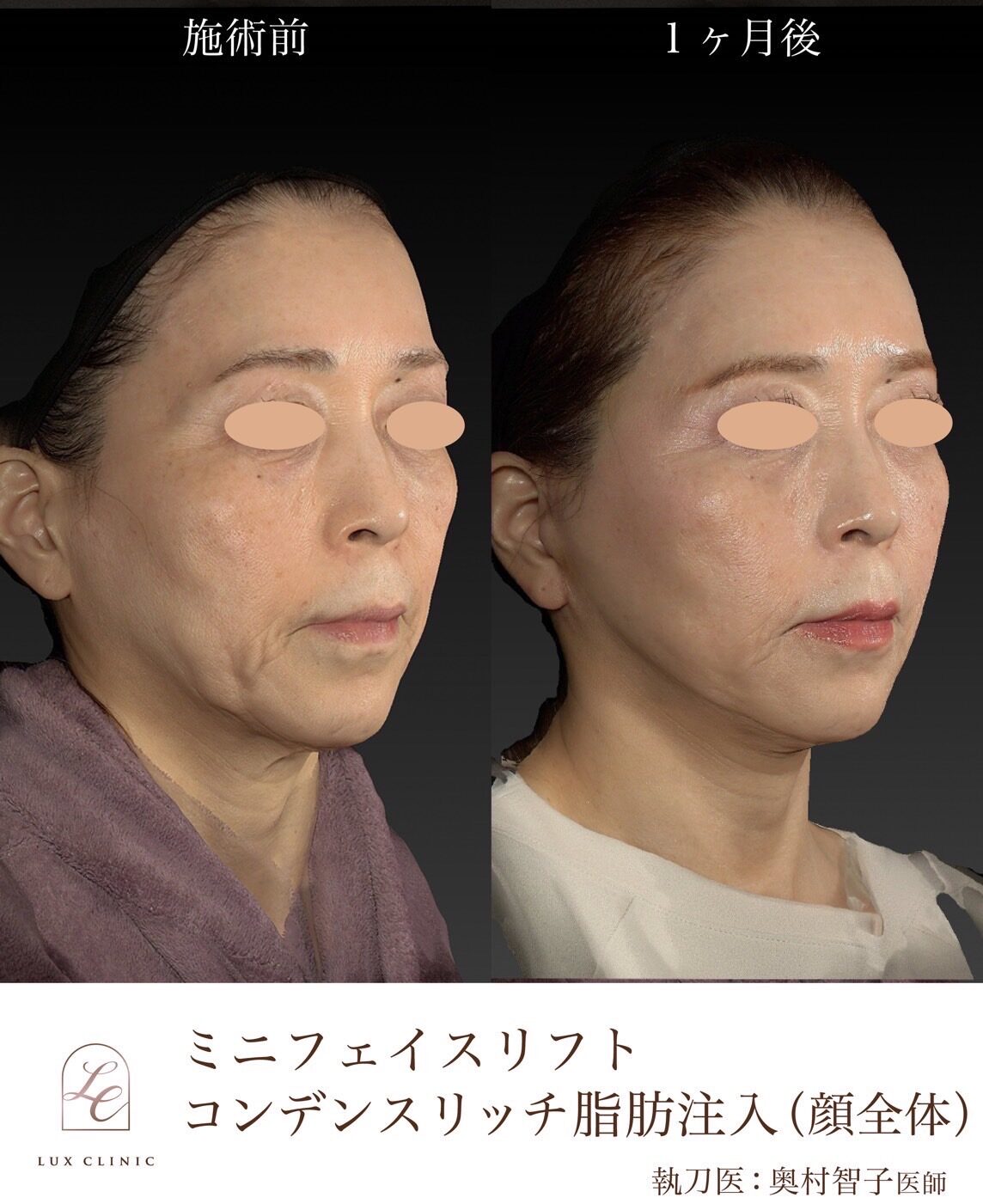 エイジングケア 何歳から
...
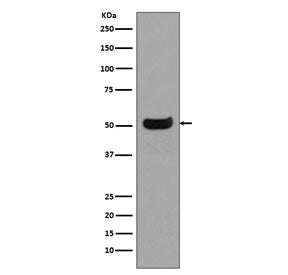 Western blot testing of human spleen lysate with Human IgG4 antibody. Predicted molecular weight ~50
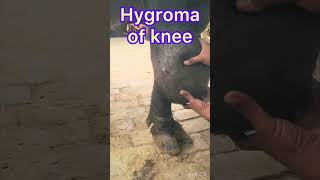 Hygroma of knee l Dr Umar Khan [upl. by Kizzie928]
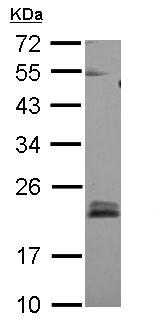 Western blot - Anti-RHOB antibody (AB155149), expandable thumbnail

● **BRIEF**: Lines from the one above containing "Hygroma of knee" down to the one containing "Western blot - Anti-RHOB" should be transcribed exactly, with both ends kept and no pictures.

● **ANSWER SECTION**:
 Hygroma of knee l Dr Umar Khan [upl. by Kizzie928]
 Western blot - Anti-RHOB antibody (AB155149), expandable thumbnail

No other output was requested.